The White Lotus Favorite Joins Sydney Sweeney’s Next Movie
Sydney Sweeney’s Custom of the Country is stacking its roster, landing The White Lotus season 2 breakout Leo Woodall—fresh off Netflix’s One Day—as the Edith Wharton adaptation locks its principal cast.
Sydney Sweeney has found her co-star for Edith Wharton’s social-climbing saga, and it’s a good one: Leo Woodall is in. Yes, the breakout from The White Lotus season 2 and Netflix’s One Day is joining Sweeney in The Custom of the Country, a tragicomedy take on Wharton’s 1913 novel.
What they’re making
The film centers on Undine Spragg, a young woman from the Midwest who hits early 1900s New York with one mission: move up. Undine works every angle she can — beauty, grit, pure ambition — to pry open the doors of high society. Old-money gatekeepers push back, obviously, but she keeps pressing until her luck flips. It’s sharp, messy, and tailor-made for actors who can play charm and ruthlessness in the same scene.
Who’s behind it
Josie Rourke adapted the script from Wharton’s novel and will direct. Studiocanal and Rabbit’s Foot Films are partnering on the feature. Producing duties are split among Monumental Pictures, Studiocanal, Charles Finch, and Sweeney herself — which fits, because this character is the kind of lightning-rod lead you want to build a movie around.

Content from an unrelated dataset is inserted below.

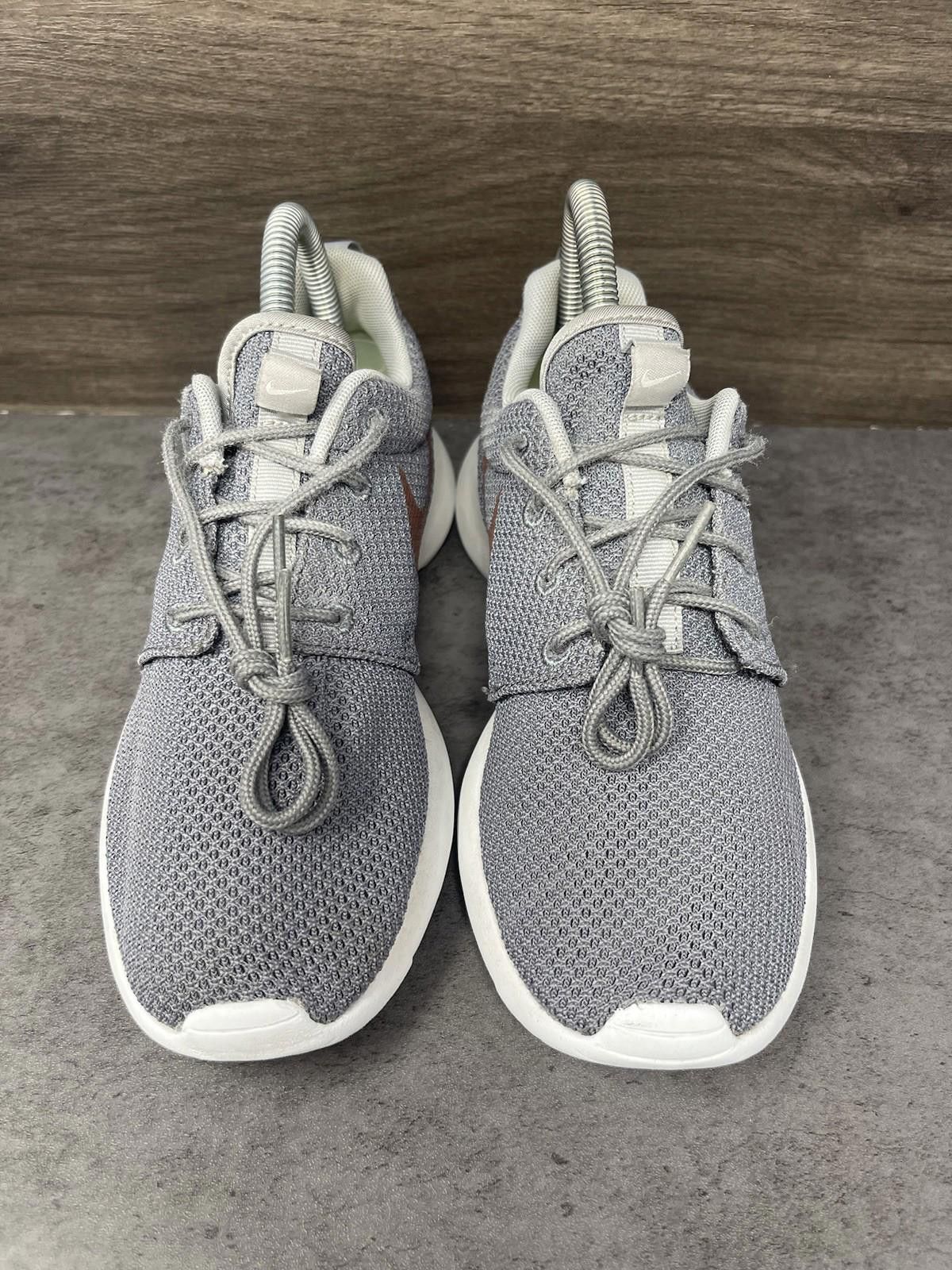 Nike Nike Roshe One Running Shoes Womens Size 6 Grey NikeID Size US 6 / IT 36 - 3 Thumbnail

Beyond Sweeney and Woodall, the rest of the cast is still under wraps. Casting director Nina Gold is in the middle of filling out the ensemble, and that usually means interesting choices are coming.

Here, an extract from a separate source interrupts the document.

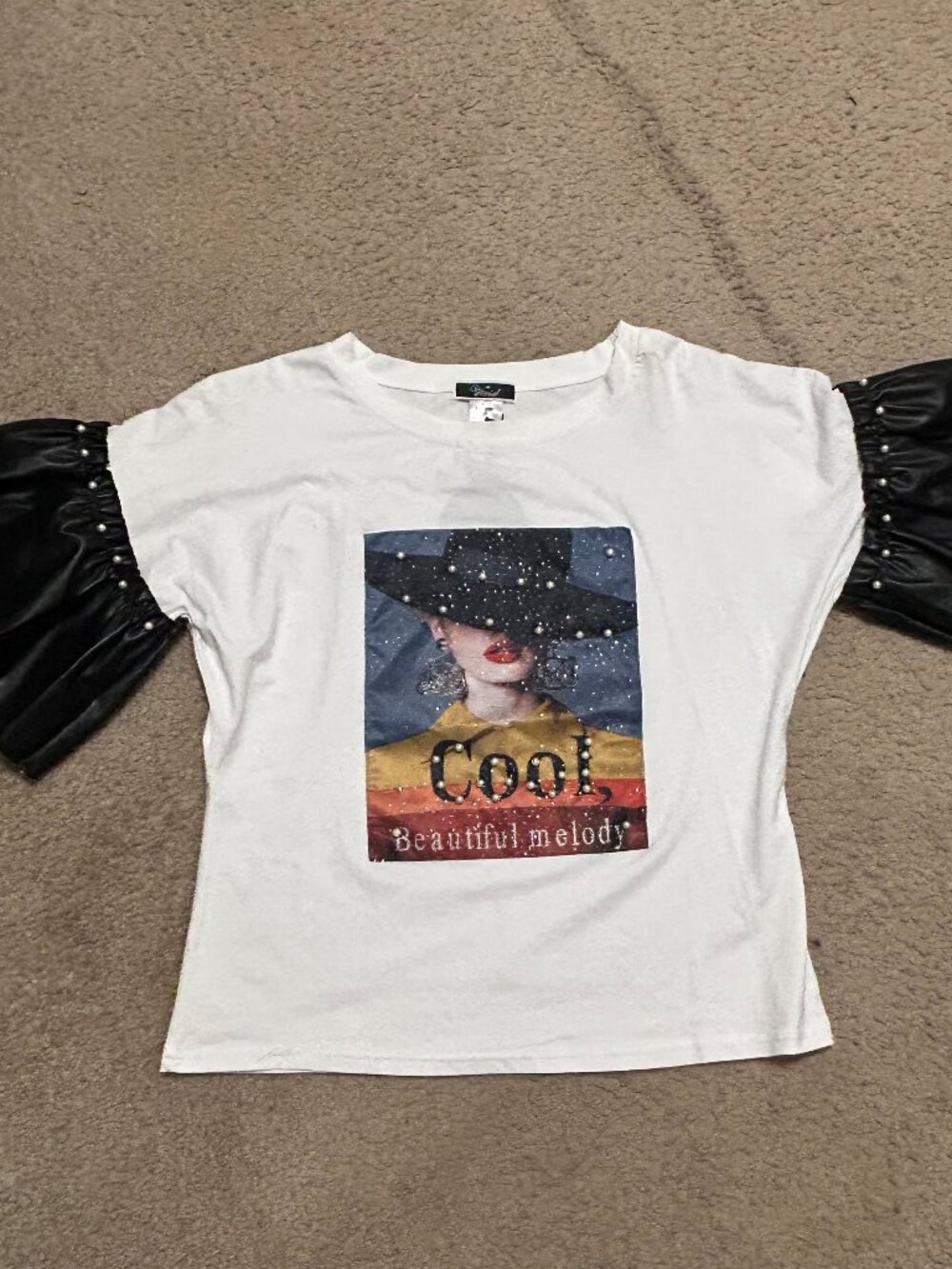 Vivid brand graphic T-shirt featuring statement black faux-leather puff sleeves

Studiocanal is financing the movie solo and will handle the theatrical rollout across its territories, including the UK, France, Germany, Australia, New Zealand, Poland, and Benelux. No release date yet — file it under developing, with the pieces clicking into place.
- Cast so far: Sydney Sweeney, Leo Woodall
- Writer-director: Josie Rourke
- Producers: Monumental Pictures, Studiocanal, Charles Finch, Sydney Sweeney
- Partners: Studiocanal and Rabbit’s Foot Films
- Casting: Nina Gold
- Financing/Distribution: Studiocanal (UK, France, Germany, Australia, New Zealand, Poland, Benelux)

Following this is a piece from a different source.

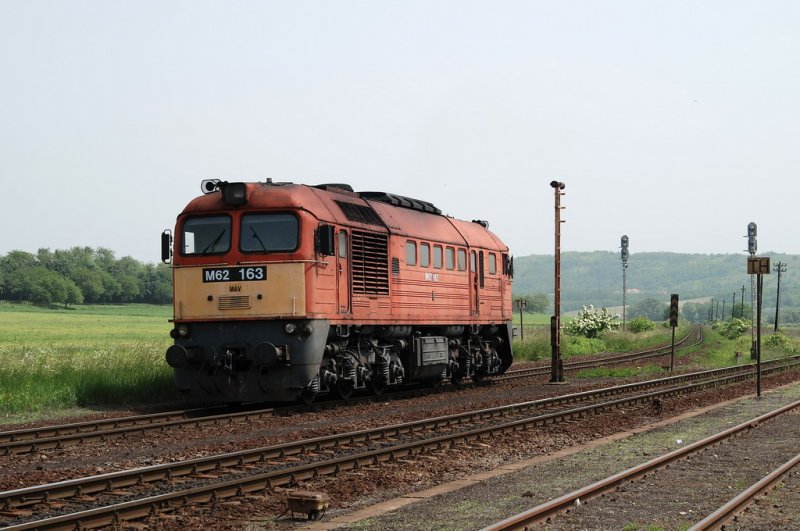 M62 163 beim Rangieren in Zalaszentivan (22.05.2007)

- Source material: Edith Wharton’s 1913 novel The Custom of the Country
- Tone/genre: Tragicomedy set in early 20th-century New York
- Release date: TBA
Woodall opposite Sweeney in this particular story feels like smart, slightly dangerous casting — exactly what you want for Undine Spragg’s world of pretty surfaces and sharp elbows.